Run draw_tree_icons.R script and see the tree.

But first let's take a look at the script we will use for visualization:

draw_tree_icons.R
#!/usr/bin/env Rscript
args <- commandArgs(trailingOnly=TRUE)

if (!require("pacman")) install.packages("pacman")

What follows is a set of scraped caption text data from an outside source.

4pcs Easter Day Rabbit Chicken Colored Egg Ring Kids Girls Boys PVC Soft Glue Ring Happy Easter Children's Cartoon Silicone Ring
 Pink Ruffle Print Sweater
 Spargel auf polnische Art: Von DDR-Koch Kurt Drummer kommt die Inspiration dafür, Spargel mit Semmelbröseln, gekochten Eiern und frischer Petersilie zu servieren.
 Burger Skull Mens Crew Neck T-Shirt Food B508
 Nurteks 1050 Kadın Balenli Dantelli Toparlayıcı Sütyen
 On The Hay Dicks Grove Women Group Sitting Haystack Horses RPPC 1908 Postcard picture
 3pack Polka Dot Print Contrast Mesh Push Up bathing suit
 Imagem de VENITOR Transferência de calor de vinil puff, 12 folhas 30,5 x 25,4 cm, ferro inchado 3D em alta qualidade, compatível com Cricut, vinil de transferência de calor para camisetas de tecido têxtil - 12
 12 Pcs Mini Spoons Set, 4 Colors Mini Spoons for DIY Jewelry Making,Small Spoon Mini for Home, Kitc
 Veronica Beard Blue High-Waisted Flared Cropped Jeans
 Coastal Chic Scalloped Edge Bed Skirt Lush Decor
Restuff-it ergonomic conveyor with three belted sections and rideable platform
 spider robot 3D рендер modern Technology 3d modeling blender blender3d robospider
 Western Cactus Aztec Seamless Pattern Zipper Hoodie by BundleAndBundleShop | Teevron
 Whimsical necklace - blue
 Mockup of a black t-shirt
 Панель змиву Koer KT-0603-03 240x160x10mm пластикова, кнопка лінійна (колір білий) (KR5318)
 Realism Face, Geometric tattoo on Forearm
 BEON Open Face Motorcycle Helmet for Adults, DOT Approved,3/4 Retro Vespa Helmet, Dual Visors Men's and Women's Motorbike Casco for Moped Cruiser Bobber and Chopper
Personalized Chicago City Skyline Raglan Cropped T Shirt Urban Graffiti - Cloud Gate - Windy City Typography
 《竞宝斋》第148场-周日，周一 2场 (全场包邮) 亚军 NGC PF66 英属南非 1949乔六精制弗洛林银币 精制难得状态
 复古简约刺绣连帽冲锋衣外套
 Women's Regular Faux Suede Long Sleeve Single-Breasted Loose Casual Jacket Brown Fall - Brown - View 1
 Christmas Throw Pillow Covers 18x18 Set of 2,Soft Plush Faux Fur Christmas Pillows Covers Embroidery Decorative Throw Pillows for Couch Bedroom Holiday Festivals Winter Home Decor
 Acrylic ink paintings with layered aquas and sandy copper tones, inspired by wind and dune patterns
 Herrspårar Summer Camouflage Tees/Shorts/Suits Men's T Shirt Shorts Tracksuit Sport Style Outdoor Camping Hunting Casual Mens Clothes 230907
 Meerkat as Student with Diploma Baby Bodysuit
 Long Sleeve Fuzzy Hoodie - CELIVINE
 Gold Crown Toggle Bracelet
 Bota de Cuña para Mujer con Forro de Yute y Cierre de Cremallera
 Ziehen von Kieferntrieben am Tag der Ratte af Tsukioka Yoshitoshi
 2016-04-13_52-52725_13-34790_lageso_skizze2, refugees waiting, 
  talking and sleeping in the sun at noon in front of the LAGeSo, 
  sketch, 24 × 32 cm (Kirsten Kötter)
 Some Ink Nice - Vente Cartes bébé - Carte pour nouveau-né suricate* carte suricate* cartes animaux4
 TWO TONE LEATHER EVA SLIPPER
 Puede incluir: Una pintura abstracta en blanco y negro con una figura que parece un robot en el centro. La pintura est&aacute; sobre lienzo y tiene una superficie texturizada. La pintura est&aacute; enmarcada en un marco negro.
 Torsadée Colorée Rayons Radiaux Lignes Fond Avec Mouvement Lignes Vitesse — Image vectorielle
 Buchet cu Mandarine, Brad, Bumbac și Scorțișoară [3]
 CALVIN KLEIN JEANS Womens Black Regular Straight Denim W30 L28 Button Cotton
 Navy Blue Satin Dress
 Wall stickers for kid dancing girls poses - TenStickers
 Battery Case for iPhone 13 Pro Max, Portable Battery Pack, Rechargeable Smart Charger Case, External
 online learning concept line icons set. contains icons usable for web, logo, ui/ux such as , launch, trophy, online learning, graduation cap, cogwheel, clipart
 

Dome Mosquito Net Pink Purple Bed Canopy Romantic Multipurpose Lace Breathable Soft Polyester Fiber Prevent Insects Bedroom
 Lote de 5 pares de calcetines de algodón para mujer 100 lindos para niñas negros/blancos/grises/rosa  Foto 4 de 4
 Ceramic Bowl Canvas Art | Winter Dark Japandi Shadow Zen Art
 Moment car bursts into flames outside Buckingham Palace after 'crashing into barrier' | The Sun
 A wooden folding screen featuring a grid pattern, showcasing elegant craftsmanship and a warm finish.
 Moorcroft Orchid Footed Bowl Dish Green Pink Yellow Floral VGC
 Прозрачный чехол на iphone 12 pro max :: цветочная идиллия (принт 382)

pacman::p_load(ggtree, ggimage)

newick.tree <- read.tree(args[1])

newick.tree$tip.label <- gsub("_", " ", newick.tree$tip.label)

#phylopic images
tips <- newick.tree$tip.label
tips[6] <- "Eptesicus"
tips[8] <- "Marmota monax"
tips[10] <- "Mus musculus"
tipsimg <- ggimage::phylopic_uid(tips)
tipsimg$name <- tips
#save time and also edit if necessary
#write.csv(tipsimg, "tipsimg.csv")
#tipsimg <- read.csv("tipsimg.csv")

ggtree(newick.tree) + 
  geom_label2(aes(subset=!isTip, label=label), col="red4", size=2, fill="white", label.size=0.2) + 
  geom_tiplab(image=tipsimg$uid, geom="phylopic", offset = .075) +
  xlim(0,.4) + 
  geom_treescale(x=0, y=11) +
  geom_tiplab(fontface="italic")

ggsave(args[2], width=12, height=6, dpi=600)

Input

Rscript scripts/draw_tree_icons.R data/part_2/tree/tree.treefile imgs/icons_tree.png

Wow! Looking goodThe phylogeny and the tree itself with the icons!
draw_tree_icons.R script uses phylopic_uid() function from ggimage package to make it possible.
But we can do even cooler.


Step 10: Add photos to the tree

But first let's take a look at the script we will use for visualization:

draw_tree_photos.R
#!/usr/bin/env Rscript
args <- commandArgs(trailingOnly=TRUE)

if (!require("pacman")) install.packages("pacman")

pacman::p_load(ggtree, ggimage)

newick.tree <- read.tree(args[1])

newick.tree$tip.label <- gsub("_", " ", newick.tree$tip.label)

#phylopic images
tips <- newick.tree$tip.label
tips[6] <- "Eptesicus"
tips[8] <- "Marmota monax"
tips[10] <- "Mus musculus"
tipsimg <- ggimage::phylopic_uid(tips)
tipsimg$name <- tips
#save time and also edit if necessary
#write.csv(tipsimg, "tipsimg.csv")
#tipsimg <- read.csv("tipsimg.csv")

ggtree(newick.tree) + 
  geom_label2(aes(subset=!isTip, label=label), col="red4", size=2, fill="white", label.size=0.2) + 
  geom_tiplab(image=tipsimg$uid, geom="phylopic", offset = .075) +
  xlim(0,.4) + 
  geom_treescale(x=0, y=11) +
  geom_tiplab(fontface="italic")

ggsave(args[2], width=12, height=6, dpi=600)

Input

Rscript scripts/draw_tree_photos.R data/part_2/tree/tree.treefile photos/ imgs/photos_tree.png

Let's take a look at the tree!

Magnificent! So this script just takes a folder with photos as the input and that's all the magic!